On the day that we arrived we all went exploring the little town. We couldn’t stay out too late, because we had hot air ballooning scheduled for four thirty the next morning. We were all looking forward to it, especially after seeing all the balloons in the air when we drove into Gӧreme that morning.
The ballooning was an amazing experience. My advice is always that if you are going to do one activity anywhere in the world, do the scenic flight. Compared to other places in the world, it is affordable and well organized in Gӧreme. We had a really good pilot that took us close to the rock formations and high up in the air. He managed to land our balloon right on the balloon trailer like a smooth operator. Great success!
After the ballooning we went back to our cave hotel for breakfast before we were picked up for a full day tour of Cappadocia. On the tour we went for a close-up walk around the fairy chimneys, for a pottery demonstration, and for a visit to one of the underground cities. These cities are amazing. They were dug out in the Bronze Age as hideouts in dangerous times of invasion. The best way to think about them is to imagine an ant’s nest with mazes of tunnels and rooms. The bigger cities housed up to twenty thousand people at a time.
The last day in Gӧreme was free time again. Everybody went off doing different things. Brooke, Paolo and I hired a car and drove to the Ilhara valley, ninety kilometers to the south. We went for a walk up the fourteen kilometre valley. There are several monasteries and churches chiseled out into the rock cliffs along the way. Very interesting! Marjo and Michelle went for a hammam. John and Dani and Michelle went carpet shopping. The girls went trinket shopping and lounging in coffee shops. Liz and Zoe went hiking in one of the countless tributary valleys. And the cats slept in the sun.
And oh yes, we all went for a group dinner to eat the local specialty, stew in a clay pot. This is pretty cool. They cook your stew in a little closed clay pot. When it is done the only way to get it out is to break the pot open. Very nice…
|Hot air ballooning!|
We caught another overnight bus to Istanbul. Our final destination! It is unbelievable that three months are already coming to an end. It seems like we were in Kathmandu yesterday, but it also feels like ten years ago. It is difficult to explain, but if you are the kind of traveller that embarks on epic expeditions, you will understand. So much happens in a compacted amount of time. Sights, relationships, experiences, culture shocks, good times, crises, tensions, relief, hiking, sitting, sleeping, 4x4s, buses, trains, airplanes, climate changes, altitude changes, sleeping in sixty different beds… crazy!

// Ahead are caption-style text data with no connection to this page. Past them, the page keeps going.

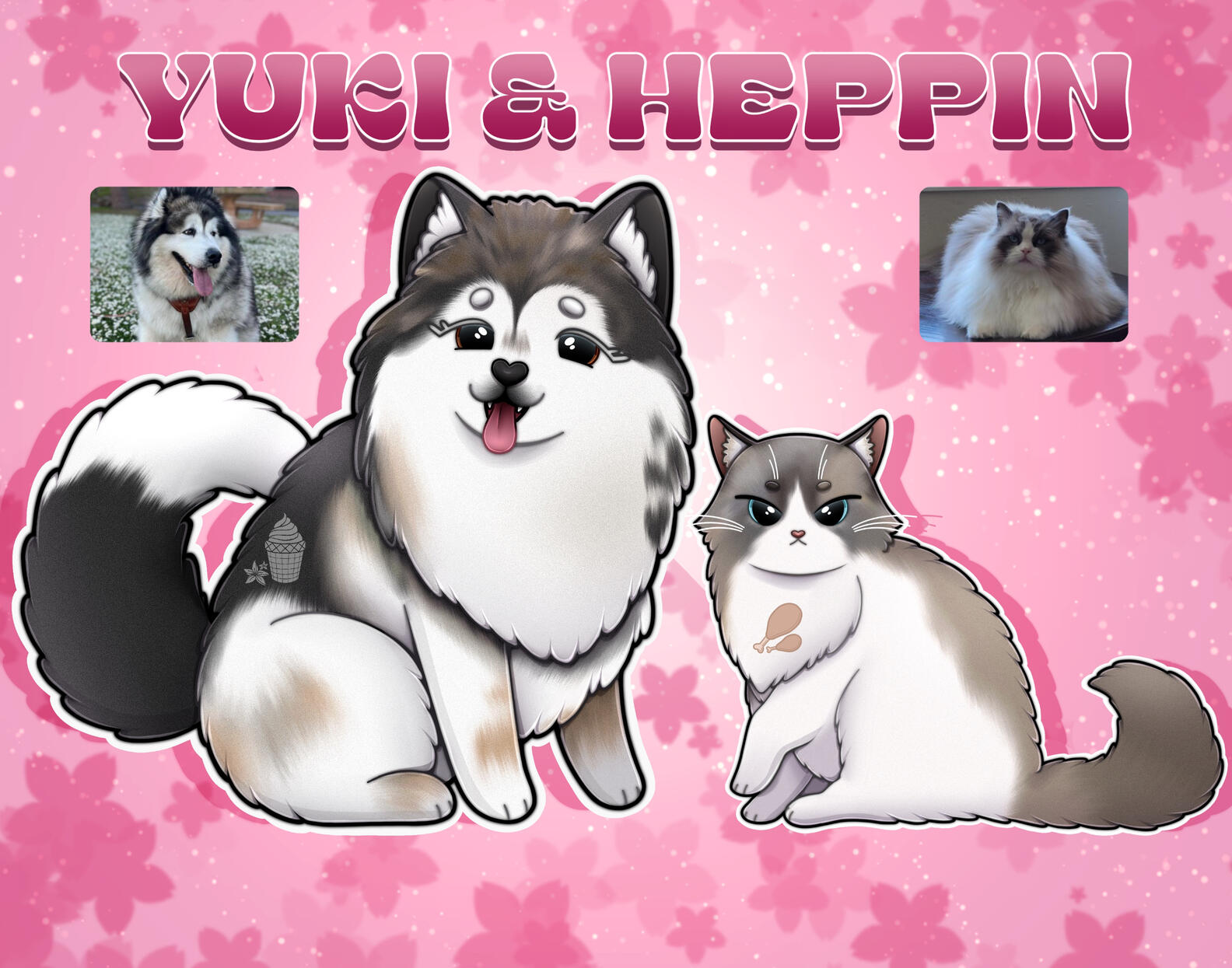 Two beautiful floofs, Yuki &amp; Heppin, drawn for @ladypisces94 on IG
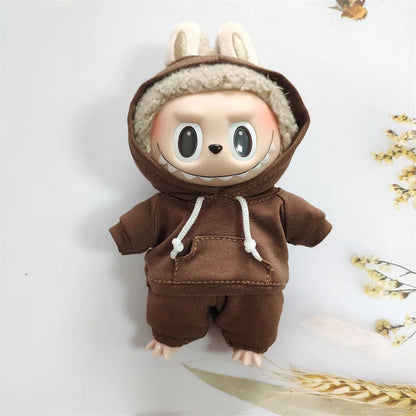 17cm Labubu Doll Outfit Set – Black Hoodie Sweatshirt & Pants, DIY Gift for Dolls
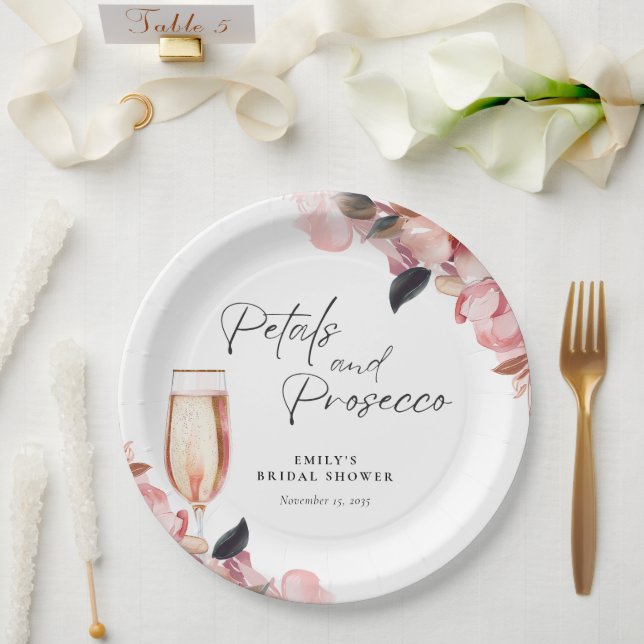 Prato De Papel Chá de Noiva Floral Pétalas & Prosecco (Casamento)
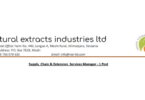 The latest Jobs in Supply Chain & Extension Services Manager at Natural Extracts Industries Ltd (NEI)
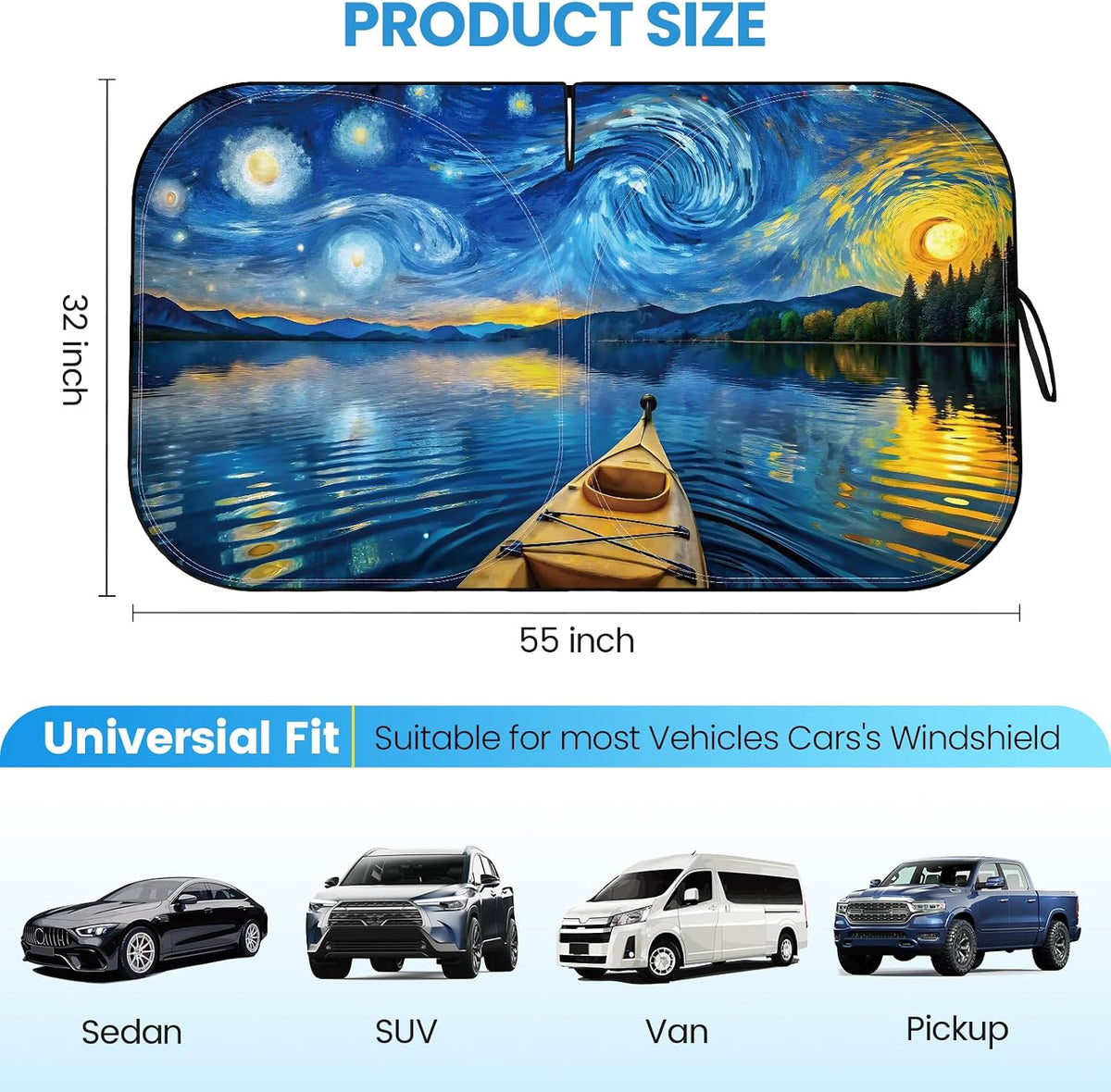 Fauson Car Windshield Sun Shade for Sedans, SUVs & Trucks Reflective UV Block Sunshade Visor Shield Foldable with Storage Bag Blocks Sun Heat to Keep Car Interior Cool, Front Window - L 57 x 32 W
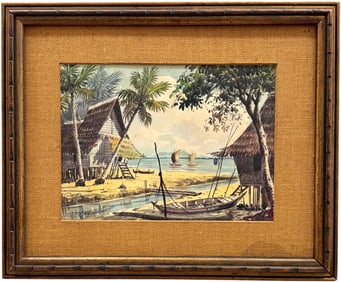 ABU BAKER IBRAHIM (1927-1977, Malaysia) Harbor Scene, Watercolor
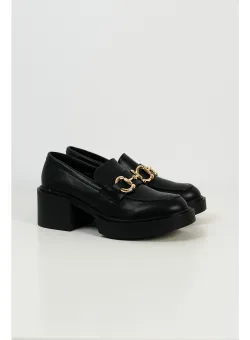 Pantofi Oxford negri cu toc gros si aplicatie metalica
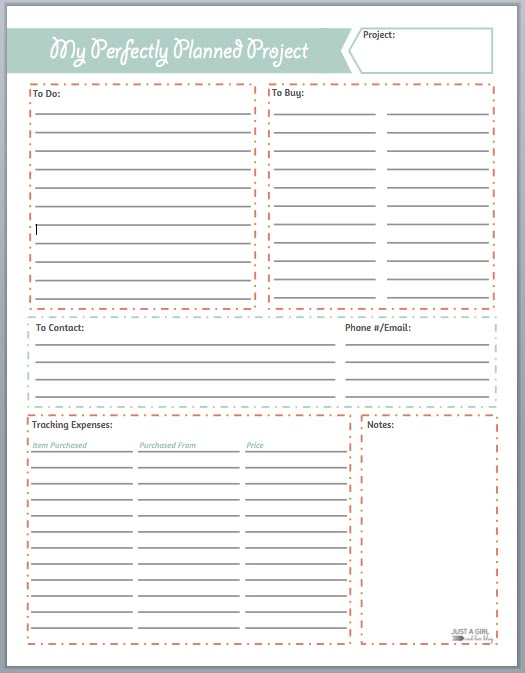 home improvement project planner template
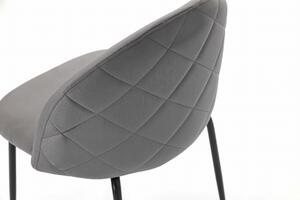 EMWOmeble Krzesło tapicerowane THDC015-2 szary welur/czarne nogi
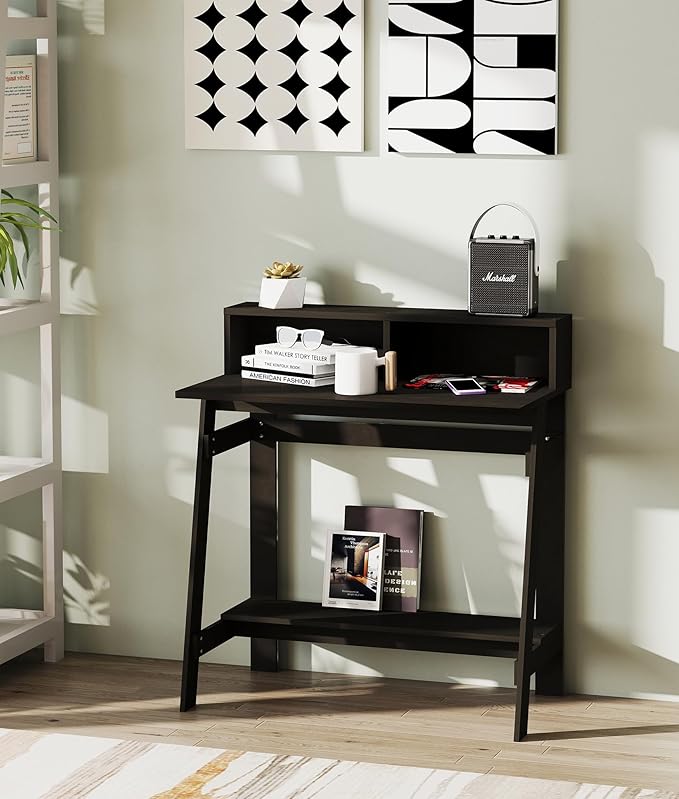 Small Desk for Bedroom Computer Desk Office Desk with Storage Corner Desk for Small Space Dark Brown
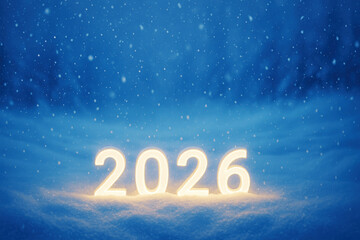 Snowy winter night featuring glowing numbers representing the year 2026 set against a soft, white landscape in a serene atmosphere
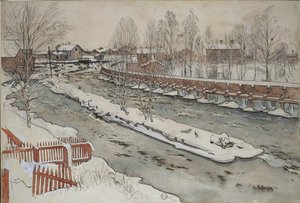 ”Timber Chute”. Talvimaisema. Teoksesta A Home (26 akvarellia) tekijältä Carl Larsson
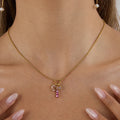 Pink Zircon Hollow Heart Pendant Necklace Stainless Steel - JDN0303031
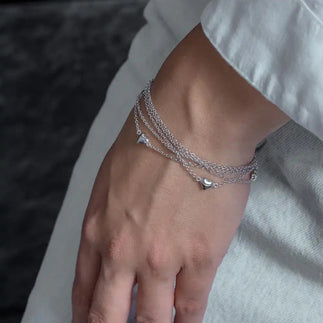 925 Sterling Silver Clearance-Rhodium Plated Multi Chains Heart Bracelet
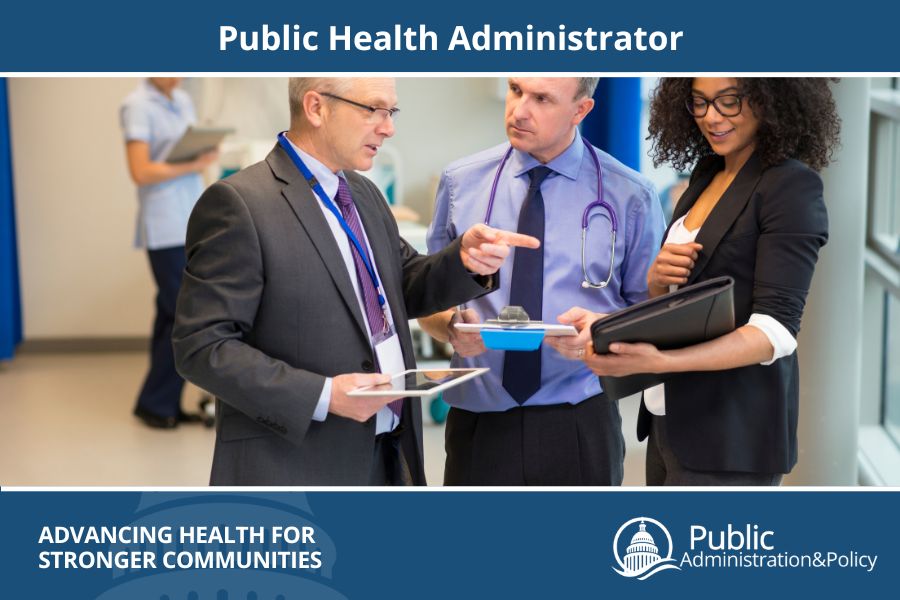 Public health administrator conferring with two doctors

Istanbul is a massive city. I think you need six months here to explore everything. This is my fifth time in Istanbul, and I have never been to the same place in it twice. There is too much to see and do here. We are all scattering about and organizing our next moves, but we made some time for a last group dinner. We went to a good restaurant and almost all of us ordered the fillet mignon with a good bottle of dry red. I wonder why? Do this expedition and find out!
Dinner ended with a slideshow of selected pictures through Brooke’s lens. It is a good way to end an expedition like this. We experience so much that by the end of it you forget what happened the first two and a half months. A slideshow recap puts it all in perspective.
Thanks to all our Odyssey overlanders for this unique expedition! We definitely did it like no other overlander group has done it before. No truck, landslides, Chinese cops and drivers, snow and ice, visa denials, Caspian adventures, and overnight buses. Who’s got better stories to tell?